Docker Swarm Migration with Live VM Testing
Designed and tested a complete Docker Swarm deployment architecture from scratch -- secrets management, multi-branch staging, CI/CD integration, and zero-downtime deploys -- all verified on a real OrbStack VM.
The starting point was a simple problem with a complex solution: I was running GAIA with docker compose up and plaintext .env files on a physical Ubuntu machine. That’s fine for development but not for a production system handling real users. I wanted Swarm mode, proper secrets management, multi-branch staging environments where develop/feature-1/feature-2 could all be deployed simultaneously, GitHub Actions CI/CD, and zero-downtime deploys. Eight hours and 293 messages later, all of that was running on a real VM.
Session one: architecture
The agent’s first move was to nail down the topology before writing a single file. I had one physical machine and wanted to deploy multiple branches. The question was how to share infrastructure without having branches interfere with each other.
The design it landed on had two layers. A single “shared services” stack per VM ran MongoDB, PostgreSQL, Redis, Loki, Prometheus, and Grafana — these are expensive to run multiple times and don’t need isolation at the container level, just at the database level. Database isolation happened by naming convention: the develop branch used databases named gaia_develop_*, feature branches used gaia_feat1_*. Each branch then got its own “application stack” deploying only the backend, frontend, Nginx proxy, and bots — the things that actually change per-branch. Credentials went into Docker Swarm secrets instead of .env files, eliminating the entire class of “plaintext secret committed to git” incidents. GitHub Actions would build images on push, push them to GHCR, SSH into the VM, and run docker stack deploy with the branch-appropriate compose file. Traefik would route develop.gaia.app, feat1.gaia.app, etc. to their respective application stacks with automatic TLS.

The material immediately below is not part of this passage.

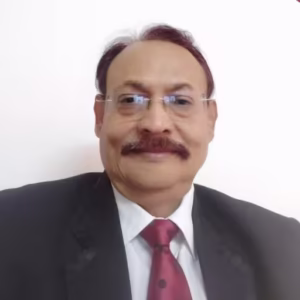 Ekam IAS Academy History Faculty Dr. Azad Sir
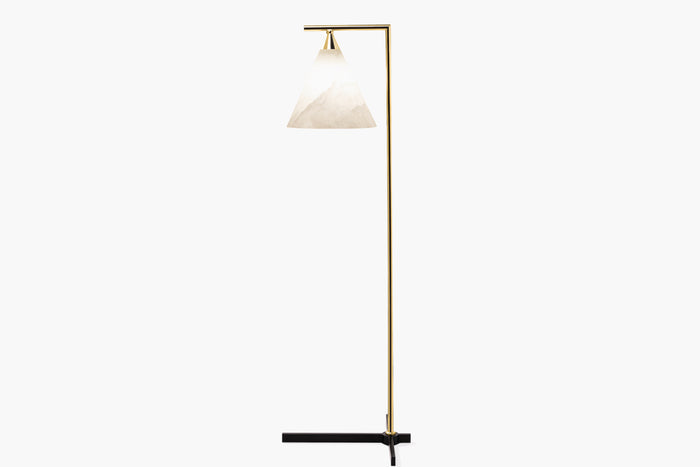Manhattan Floor Lamp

Session two: real failures on a real VM
The second session was where the architecture met reality. The agent created an OrbStack VM with amd64 architecture — my development machine is Apple Silicon, and cross-architecture failures are exactly the kind of thing that only shows up when you actually deploy. It built all Docker images with --platform linux/amd64, transferred them to the VM, loaded them, initialized a Swarm cluster, created all secrets via docker secret create, and attempted the first full stack deployment.
Three things broke immediately.
LangGraph threw an ImportError: cannot import name 'ExecutionInfo' from 'langgraph.types'. The version of LangGraph installed on the amd64 VM was slightly behind what was pinned in my local requirements.txt — the ExecutionInfo type had moved to a different submodule in a minor version. The agent identified the exact version mismatch, pinned langgraph==0.2.28 specifically, and rebuilt the image.
Promtail went into a crash loop. The config had __path__: /var/lib/docker/containers/*/*.log which works in compose mode but not in Swarm mode — Swarm uses a different logging driver and Docker container logs are no longer written to that path. The agent switched Promtail to the Docker socket approach: mount /var/run/docker.sock and use the docker_sd_configs discovery method instead of static file paths.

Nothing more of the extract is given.